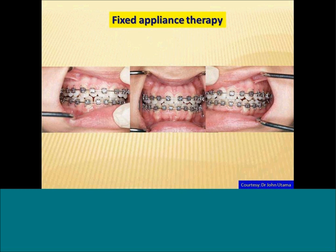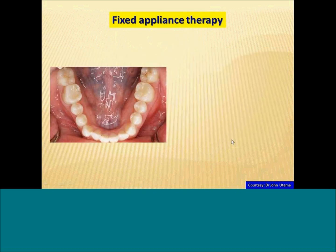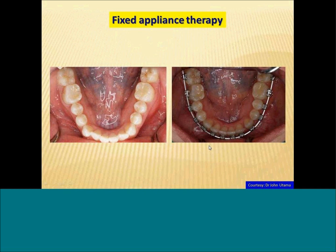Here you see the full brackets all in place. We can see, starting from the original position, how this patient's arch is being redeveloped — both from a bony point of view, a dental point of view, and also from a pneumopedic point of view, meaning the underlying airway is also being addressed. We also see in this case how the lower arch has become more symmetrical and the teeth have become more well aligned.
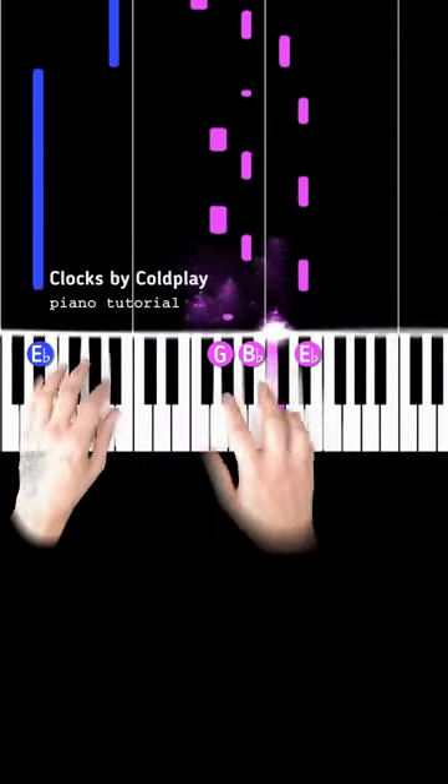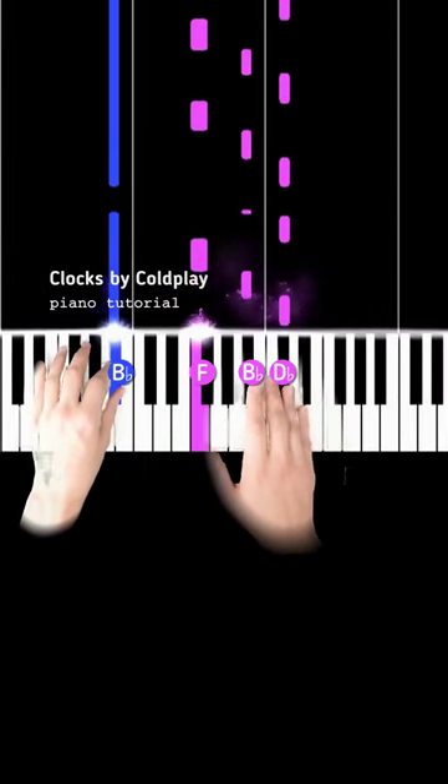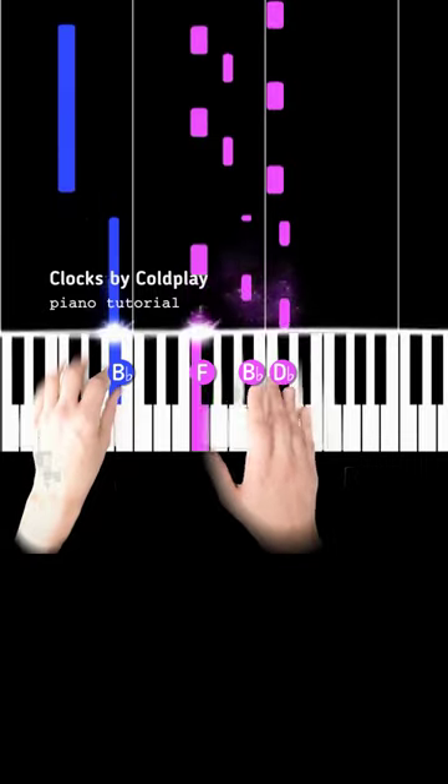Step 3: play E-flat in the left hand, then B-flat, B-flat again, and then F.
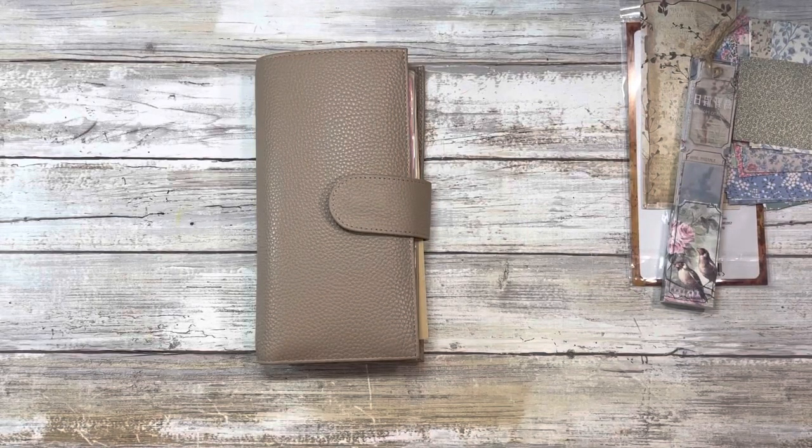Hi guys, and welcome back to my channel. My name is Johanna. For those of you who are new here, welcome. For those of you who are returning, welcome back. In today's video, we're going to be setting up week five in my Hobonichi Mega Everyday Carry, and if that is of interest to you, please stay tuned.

Work item: Exactly as given, set down each line of the material, but include no pictures.

Answer box:
Here you see the full brackets all in place. We can see, starting from the original position, how this patient's arch is being redeveloped — both from a bony point of view, a dental point of view, and also from a pneumopedic point of view, meaning the underlying airway is also being addressed. We also see in this case how the lower arch has become more symmetrical and the teeth have become more well aligned.
Step 3: play E-flat in the left hand, then B-flat, B-flat again, and then F.
Hi guys, and welcome back to my channel. My name is Johanna. For those of you who are new here, welcome. For those of you who are returning, welcome back. In today's video, we're going to be setting up week five in my Hobonichi Mega Everyday Carry, and if that is of interest to you, please stay tuned.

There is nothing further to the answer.